* [AIM OF THE EXERCISE]: Set down every line from the one containing "An investor examines" through the last line of the records below, exactly as written, and leave out the pictures.

Image-text web data:
+ + + +
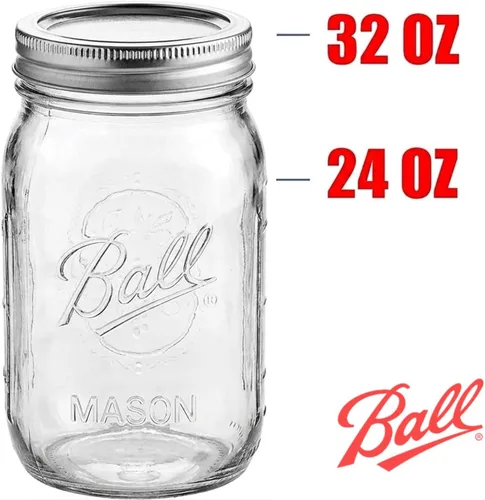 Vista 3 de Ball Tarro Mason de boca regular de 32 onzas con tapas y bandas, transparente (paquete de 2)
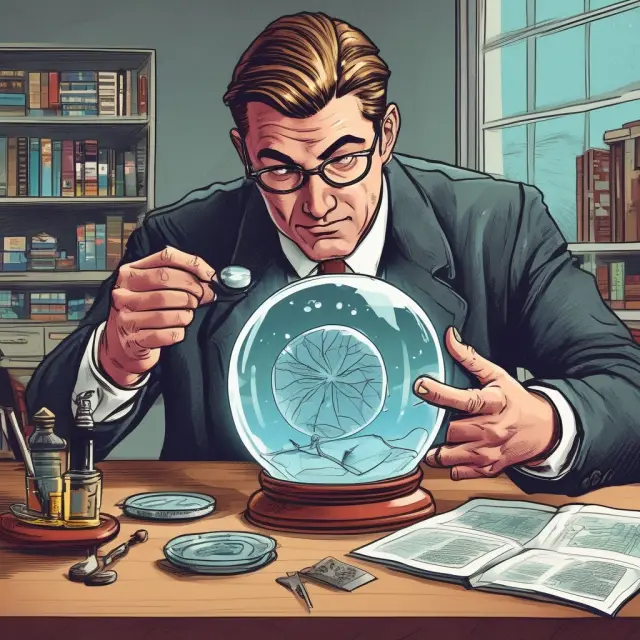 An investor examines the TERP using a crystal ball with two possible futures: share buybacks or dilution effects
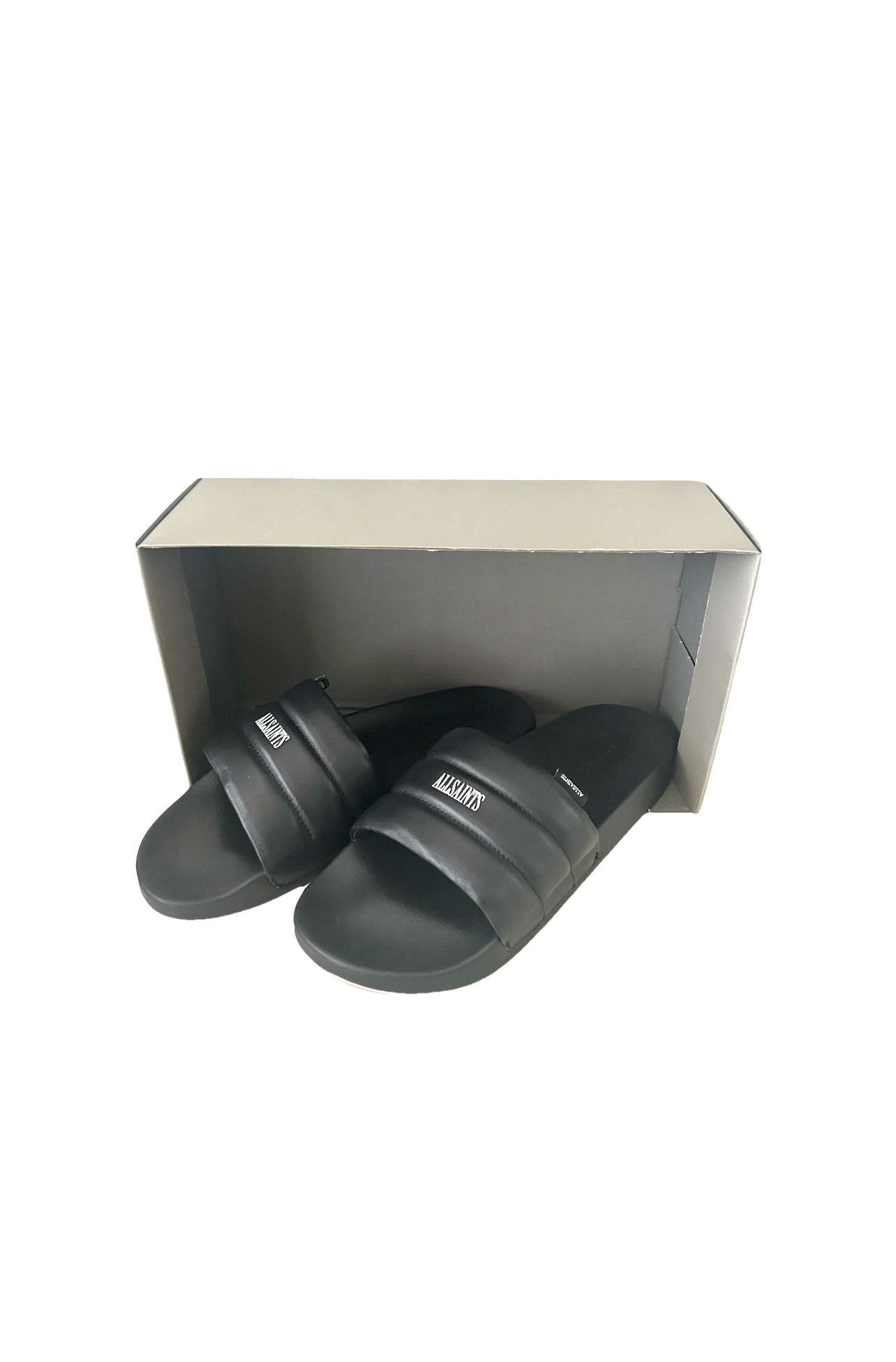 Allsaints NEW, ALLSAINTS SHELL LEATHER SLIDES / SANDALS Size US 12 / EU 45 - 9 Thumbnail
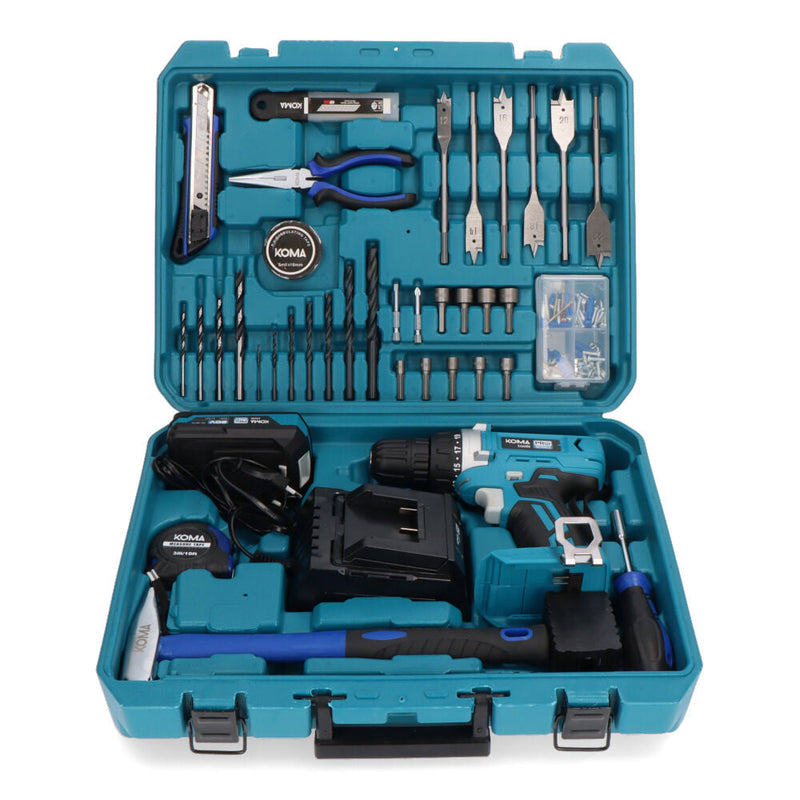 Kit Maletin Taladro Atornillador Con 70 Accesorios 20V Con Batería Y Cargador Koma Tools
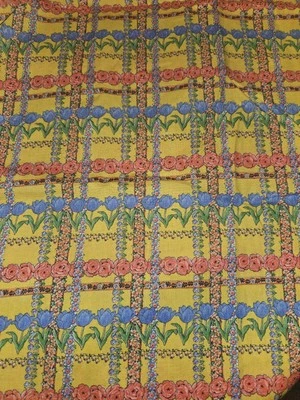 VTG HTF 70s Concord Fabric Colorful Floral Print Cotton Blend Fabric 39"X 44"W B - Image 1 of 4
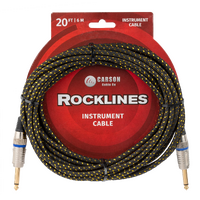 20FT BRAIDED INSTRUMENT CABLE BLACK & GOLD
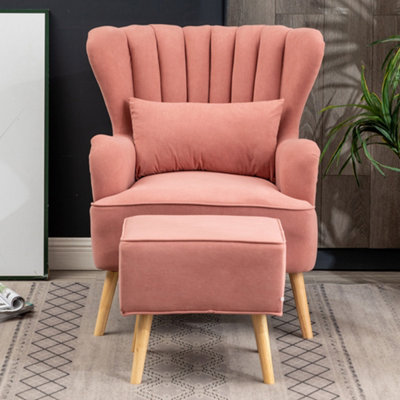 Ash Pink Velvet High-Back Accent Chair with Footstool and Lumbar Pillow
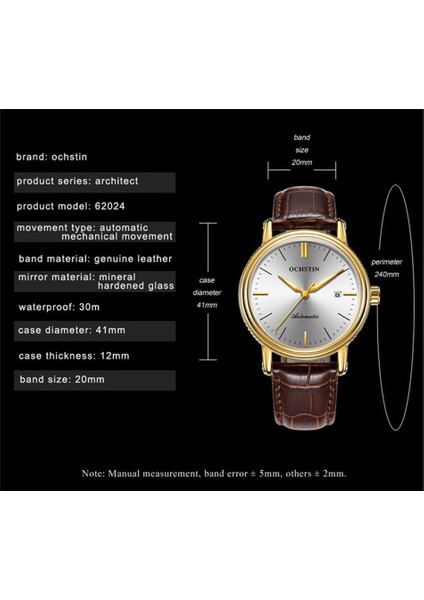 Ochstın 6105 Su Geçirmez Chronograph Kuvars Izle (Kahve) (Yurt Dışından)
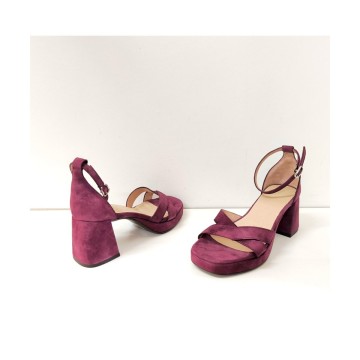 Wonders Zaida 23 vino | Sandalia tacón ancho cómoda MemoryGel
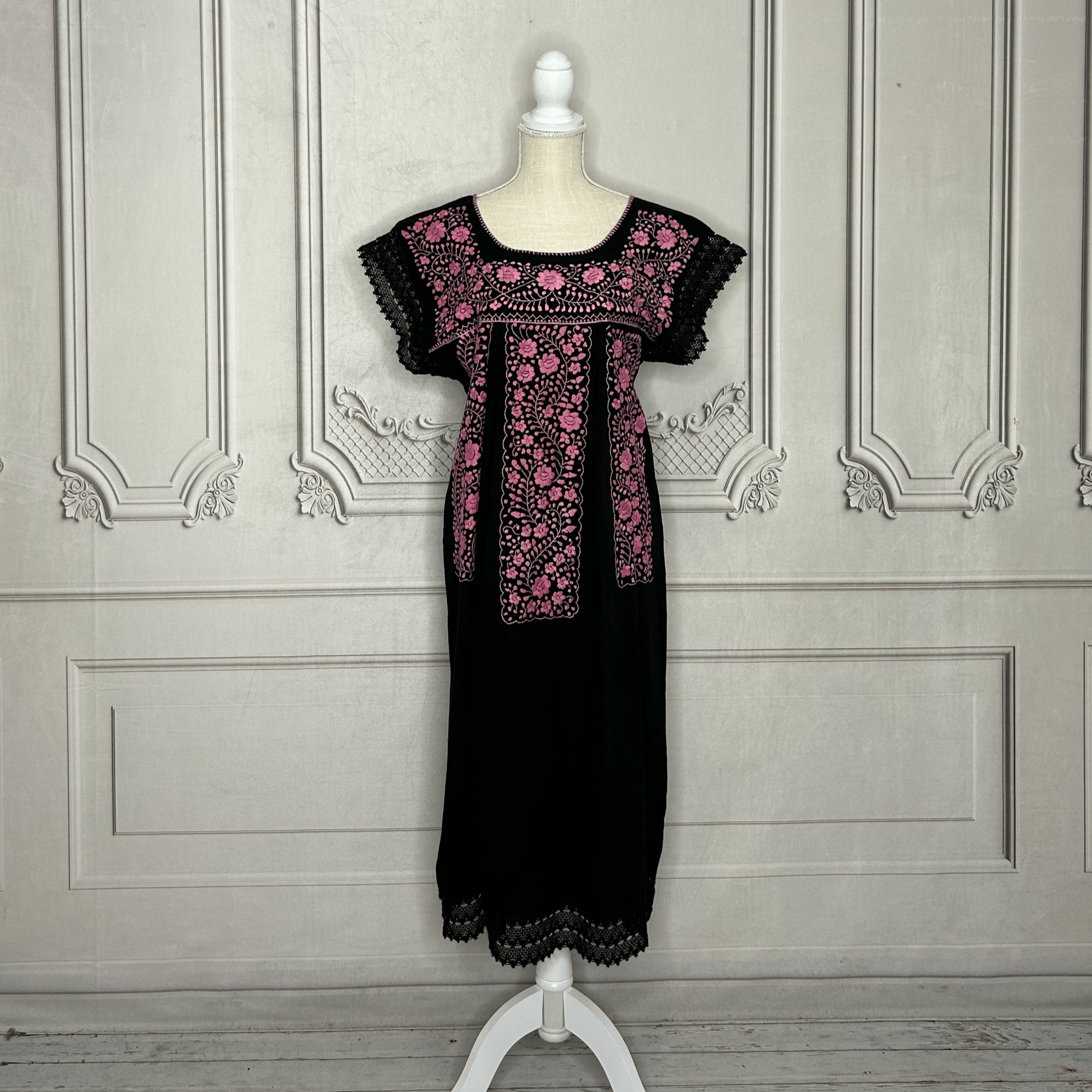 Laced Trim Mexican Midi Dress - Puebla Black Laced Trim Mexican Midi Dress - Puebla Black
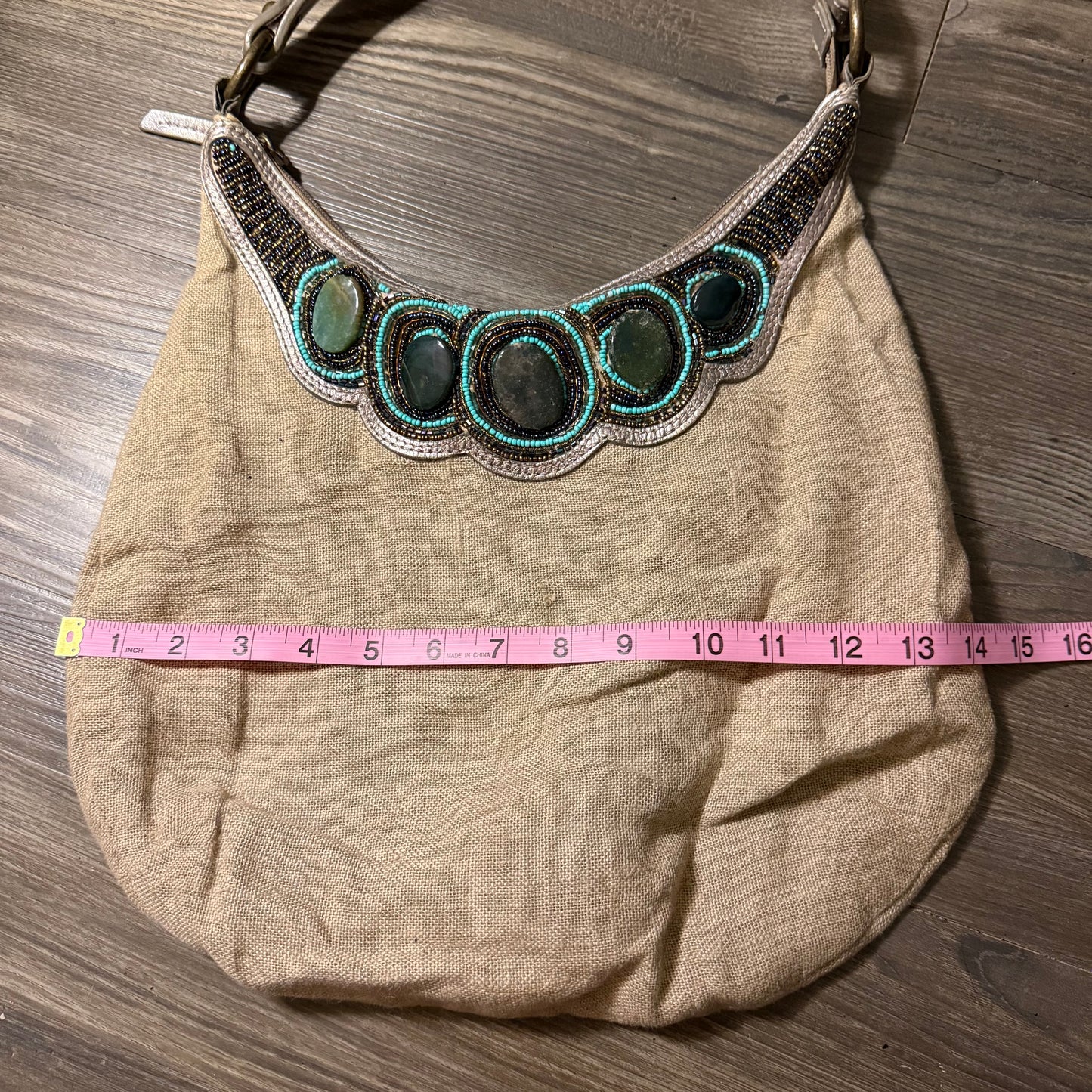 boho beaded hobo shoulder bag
+ + + +
* [SOLVED EXERCISE]:
 An investor examines the TERP using a crystal ball with two possible futures: share buybacks or dilution effects
 Allsaints NEW, ALLSAINTS SHELL LEATHER SLIDES / SANDALS Size US 12 / EU 45 - 9 Thumbnail
 Kit Maletin Taladro Atornillador Con 70 Accesorios 20V Con Batería Y Cargador Koma Tools
 VTG HTF 70s Concord Fabric Colorful Floral Print Cotton Blend Fabric 39"X 44"W B - Image 1 of 4
 20FT BRAIDED INSTRUMENT CABLE BLACK & GOLD
 Ash Pink Velvet High-Back Accent Chair with Footstool and Lumbar Pillow
 Ochstın 6105 Su Geçirmez Chronograph Kuvars Izle (Kahve) (Yurt Dışından)
 Wonders Zaida 23 vino | Sandalia tacón ancho cómoda MemoryGel
 Laced Trim Mexican Midi Dress - Puebla Black Laced Trim Mexican Midi Dress - Puebla Black
 boho beaded hobo shoulder bag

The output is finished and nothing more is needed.